» **Instructions for the task**
All of the data below should be written out again exactly.
(Beginning of Dataset entries)
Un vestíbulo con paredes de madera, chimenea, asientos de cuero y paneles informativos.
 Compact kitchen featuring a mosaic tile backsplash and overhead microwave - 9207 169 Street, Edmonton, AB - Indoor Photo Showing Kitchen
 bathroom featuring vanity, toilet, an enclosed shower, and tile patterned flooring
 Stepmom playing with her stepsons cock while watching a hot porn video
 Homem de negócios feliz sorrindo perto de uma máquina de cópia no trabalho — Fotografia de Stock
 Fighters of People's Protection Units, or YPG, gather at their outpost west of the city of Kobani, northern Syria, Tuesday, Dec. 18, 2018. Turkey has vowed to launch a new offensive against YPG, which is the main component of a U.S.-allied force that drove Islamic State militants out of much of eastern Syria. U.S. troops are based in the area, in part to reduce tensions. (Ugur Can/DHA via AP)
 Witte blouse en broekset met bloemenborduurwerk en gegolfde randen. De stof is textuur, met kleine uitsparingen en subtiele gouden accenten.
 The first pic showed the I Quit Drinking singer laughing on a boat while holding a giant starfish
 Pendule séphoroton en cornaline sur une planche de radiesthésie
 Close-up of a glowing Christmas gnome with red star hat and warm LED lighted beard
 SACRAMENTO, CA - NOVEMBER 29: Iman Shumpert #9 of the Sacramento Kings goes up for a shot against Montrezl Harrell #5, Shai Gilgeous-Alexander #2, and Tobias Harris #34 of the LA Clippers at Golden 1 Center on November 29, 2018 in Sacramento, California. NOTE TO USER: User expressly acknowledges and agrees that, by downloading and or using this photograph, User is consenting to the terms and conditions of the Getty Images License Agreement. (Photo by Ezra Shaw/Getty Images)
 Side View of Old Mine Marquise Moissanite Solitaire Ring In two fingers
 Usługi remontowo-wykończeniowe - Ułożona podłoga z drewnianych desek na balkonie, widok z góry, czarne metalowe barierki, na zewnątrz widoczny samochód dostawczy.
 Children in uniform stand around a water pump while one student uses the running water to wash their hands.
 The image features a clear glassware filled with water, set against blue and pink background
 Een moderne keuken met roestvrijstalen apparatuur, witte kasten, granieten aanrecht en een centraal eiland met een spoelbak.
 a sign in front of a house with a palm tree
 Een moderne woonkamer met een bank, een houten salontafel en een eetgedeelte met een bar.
(End of Dataset entries)
» **Response below**
Un vestíbulo con paredes de madera, chimenea, asientos de cuero y paneles informativos.
 Compact kitchen featuring a mosaic tile backsplash and overhead microwave - 9207 169 Street, Edmonton, AB - Indoor Photo Showing Kitchen
 bathroom featuring vanity, toilet, an enclosed shower, and tile patterned flooring
 Stepmom playing with her stepsons cock while watching a hot porn video
 Homem de negócios feliz sorrindo perto de uma máquina de cópia no trabalho — Fotografia de Stock
 Fighters of People's Protection Units, or YPG, gather at their outpost west of the city of Kobani, northern Syria, Tuesday, Dec. 18, 2018. Turkey has vowed to launch a new offensive against YPG, which is the main component of a U.S.-allied force that drove Islamic State militants out of much of eastern Syria. U.S. troops are based in the area, in part to reduce tensions. (Ugur Can/DHA via AP)
 Witte blouse en broekset met bloemenborduurwerk en gegolfde randen. De stof is textuur, met kleine uitsparingen en subtiele gouden accenten.
 The first pic showed the I Quit Drinking singer laughing on a boat while holding a giant starfish
 Pendule séphoroton en cornaline sur une planche de radiesthésie
 Close-up of a glowing Christmas gnome with red star hat and warm LED lighted beard
 SACRAMENTO, CA - NOVEMBER 29: Iman Shumpert #9 of the Sacramento Kings goes up for a shot against Montrezl Harrell #5, Shai Gilgeous-Alexander #2, and Tobias Harris #34 of the LA Clippers at Golden 1 Center on November 29, 2018 in Sacramento, California. NOTE TO USER: User expressly acknowledges and agrees that, by downloading and or using this photograph, User is consenting to the terms and conditions of the Getty Images License Agreement. (Photo by Ezra Shaw/Getty Images)
 Side View of Old Mine Marquise Moissanite Solitaire Ring In two fingers
 Usługi remontowo-wykończeniowe - Ułożona podłoga z drewnianych desek na balkonie, widok z góry, czarne metalowe barierki, na zewnątrz widoczny samochód dostawczy.
 Children in uniform stand around a water pump while one student uses the running water to wash their hands.
 The image features a clear glassware filled with water, set against blue and pink background
 Een moderne keuken met roestvrijstalen apparatuur, witte kasten, granieten aanrecht en een centraal eiland met een spoelbak.
 a sign in front of a house with a palm tree
 Een moderne woonkamer met een bank, een houten salontafel en een eetgedeelte met een bar.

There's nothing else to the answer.